Discussed this a bit above. I didn’t quite see how dev.py in scipy is different from what we have now, other than that they have a conda environment.py. Could you elaborate?

I also looked at a few other projects and it seems like they gravitate towards setup.py. We’re sort of supposed to be frontend-independent but in practice we are Python-dependent for build, so perhaps we could just make that official and adopt setup.py to build the compiler while still support running via a cmake build when using only libtvm_runtime.so.

Can you expand on how using tools prevents us creating a README.md? I would assume that tools/README.md, tools/dev/README.md and tools/ci/README.md can all exist and document the individual sets of tooling.

Does this mean starting with ci and dev at root, if we need more types of tooling we then add more root folders? Or do we have tools subdivided and CI is a special case package at root level, then if we add new types of tooling we figure out whether it too is a special case or whether it should go into tooling?

What we have now, as demonstrated by your initial post, is a set of scripts:

docker/bash.sh → dev/docker-run.sh
docker/clear-stale-images.sh → dev/docker-rmi-unused-tlcpack-images.sh
docker/lint.sh → dev/lint.sh

Whilst we’re organising these things, my proposal is that we aim to wrap this in some uniform CLI akin to the dev.py where-in you can go tvm-dev docker-run etc. This means you have a similar interface as you do to the CI tooling now (ci.py), one uniform folder structure and we can use a standard pattern for all our supporting tooling. This is similar to how many of the rust tools are rust projects themselves: rust/src/tools at master · rust-lang/rust · GitHub.

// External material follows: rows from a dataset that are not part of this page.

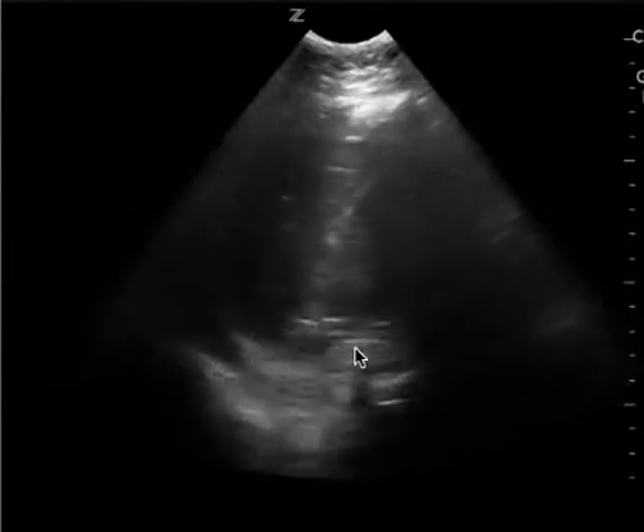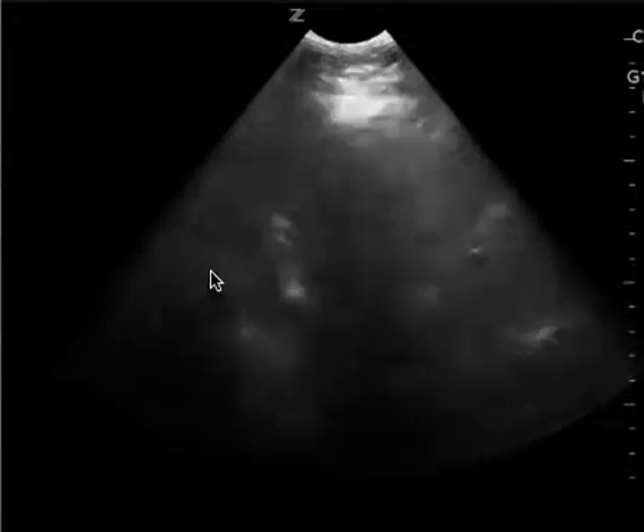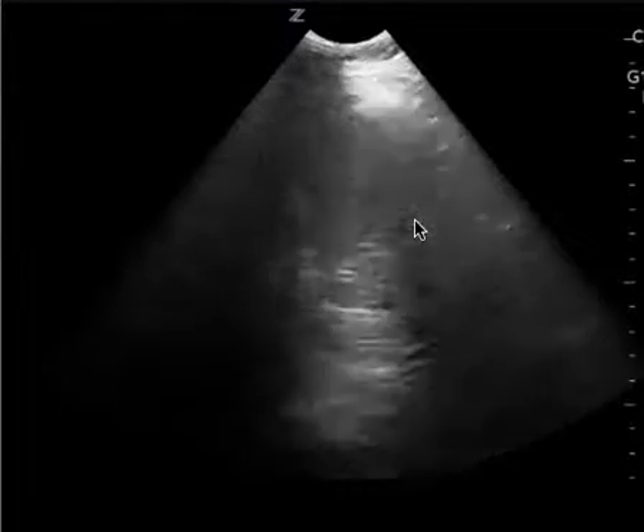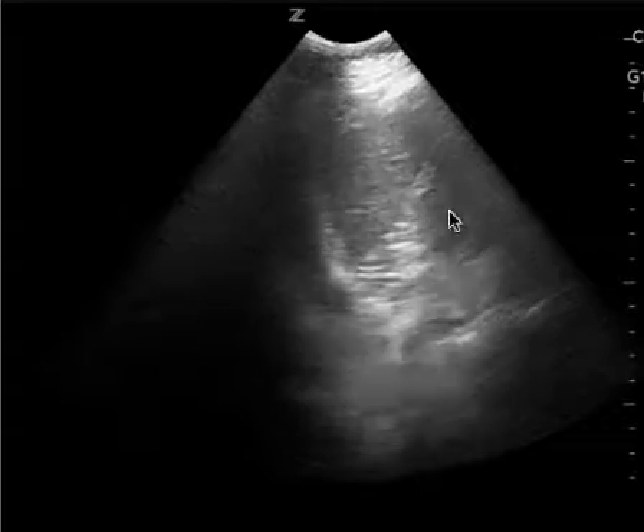This is an example of a different patient in the left upper quadrant. I can see the spleno-diaphragmatic space really well in this clip, and then the provider moves to get more of a splenorenal space that you can see over there in the beginning of the clip right here.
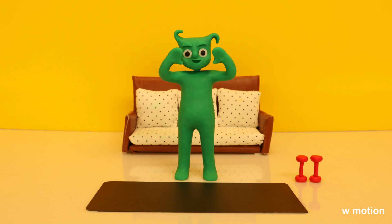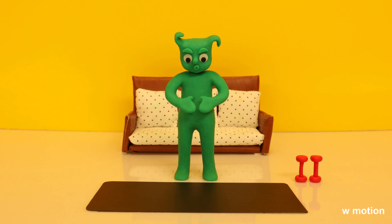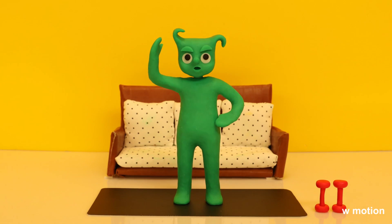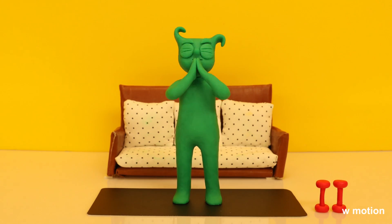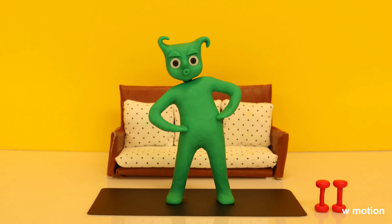Ha ha ha! Huh? Ha ha ha! Huh! Hmm? Huh? Huh?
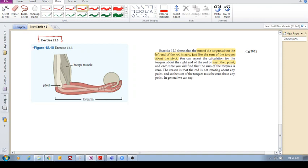What I've done is I've just gone and cut that picture from that exercise and here it is. You've got a forearm. Now in the exercise they had a ball that was in the hand, so we can ignore that. But then it's got this bicep muscle.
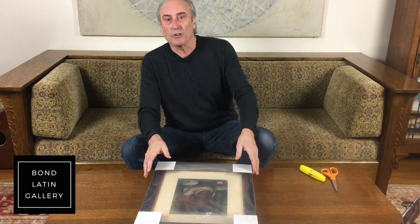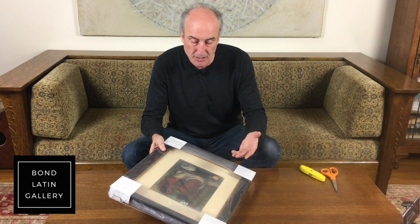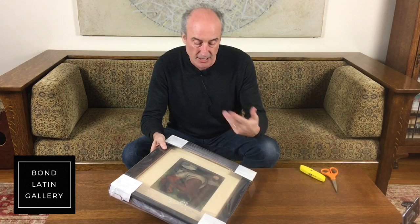Hello, I'm Robert McDonald from the Bond Latin Gallery, specialising in Latin American art. We're going to be looking at a Rufino Tamayo today, the piece I've just got back from the framers. So I'm going to unwrap it and we're going to take a look at it.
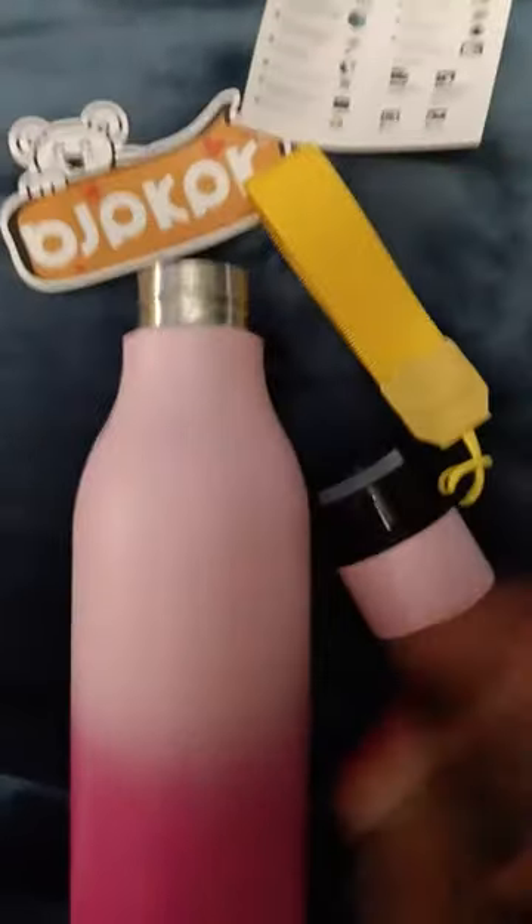I'm really excited because I want to drink more water. We need water. I like it. I love this color pink. I like the two shades. So I'm going to wash this out and I'll be using this tomorrow.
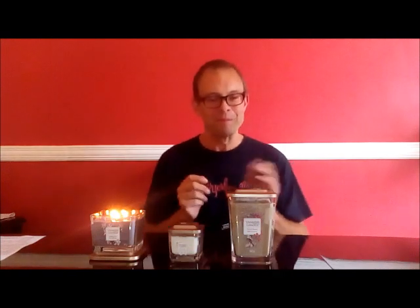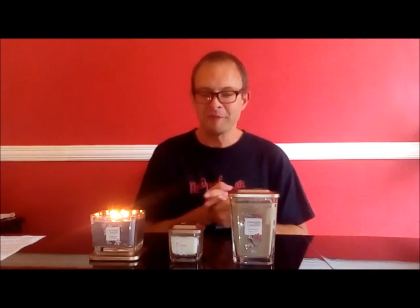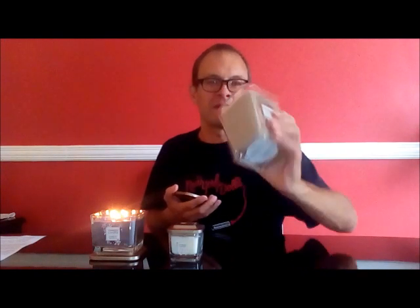As with everything Yankee, it's all about the fragrances. This is my second or third attempt at this video because I've had some corruption problems with the data, but I've actually managed to get through and burn all three because of that — a bit of a bonus from my frustration. The first one I burned was Velvet Woods, which is the large two-wick tumbler. People have said they've had some problems burning them in the US and they don't pull properly, but the large one I had for about three hours and had a great pull on that one.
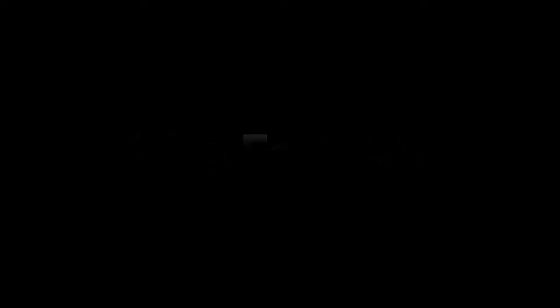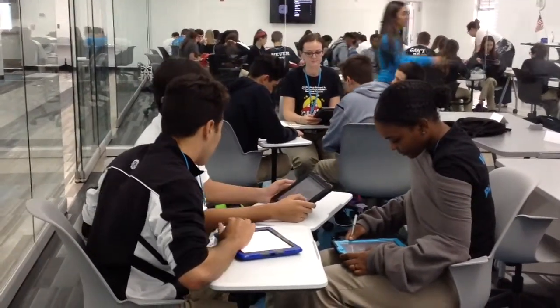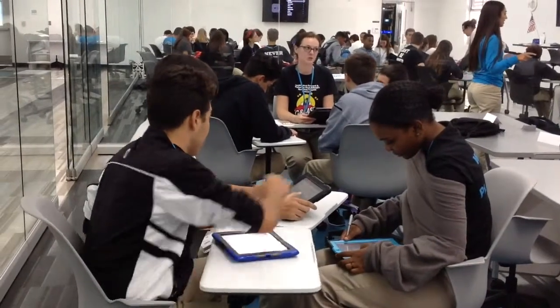The self-blend model is for students who have the drive to take extra courses beyond what the school offers. This is also for students who want to take additional advanced placement courses.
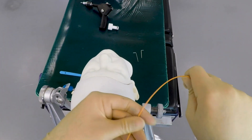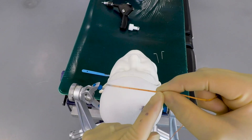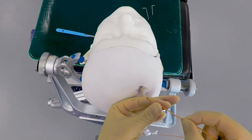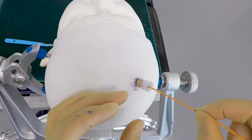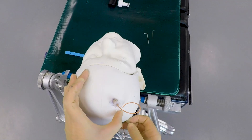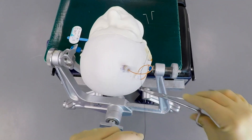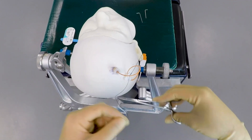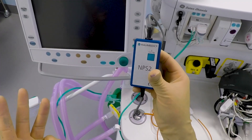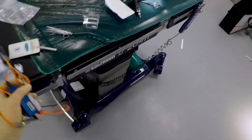Then the bolt is screwed into place. After that, we're ready to pass the sensor into the brain — it doesn't need to go in very far, usually only about 20mm or so. A plastic locking nut keeps the sensor in place and doesn't let it slide in and out. The wire might be stitched down to the scalp to prevent it from being pulled out. The sensor is then connected up to a monitor and the pressure reading will be used to guide your treatment.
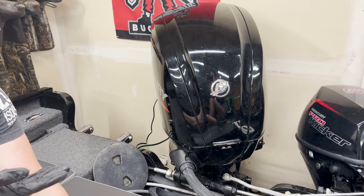Hey guys, this is a 2021 Lund Adventure 1775 Sport with the 90 horsepower motor. Still kind of learning how to use this boat — it's my first boat, so a lot of learning curve on my end. For some reason the livewell pump stopped working, and we checked the fuse — always check your fuses first.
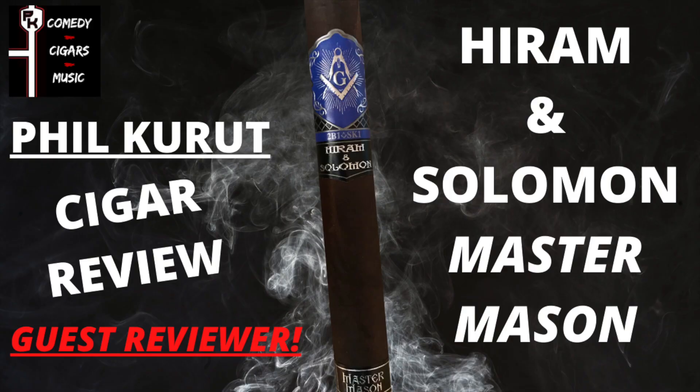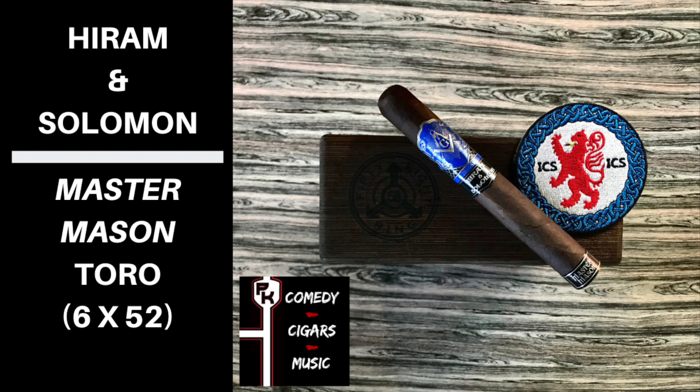Hey, welcome to Comedy Cigars and Music. Today's cigar for review is the Hiram and Solomon Master Mason. Off the foot and wrapper, I'm getting milk chocolate, prune, barnyard, and hay.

Ah–sorry my previous reply was a bit abbreviated. You’re right that it doesn’t exactly prevent us from creating a README.md, but I do think that tools in my mind tends to imply UX, and I’m not proposing we make e.g. task_python_unittest.sh into a dev-facing script (we may have another tool for this, but it would need to wrap those in the naive approach). I guess we could consider even non-user-facing scripts as tools–just, then everything becomes e.g. docker/bash.sh -> tools/dev/docker-run.sh, and one might be tempted to differentiate that script from tools/tvm_ci/determine_docker_images.py by placing it in tools/docker-run.sh instead). So I’m ambivalent, but I do think that could lead to a crowded tools dir.

Generally the first one here.

I think this is a good idea, but being cognizant of eng bandwidth I didn’t want to propose too much here. If folks are volunteering to build that tool, I’m all for it.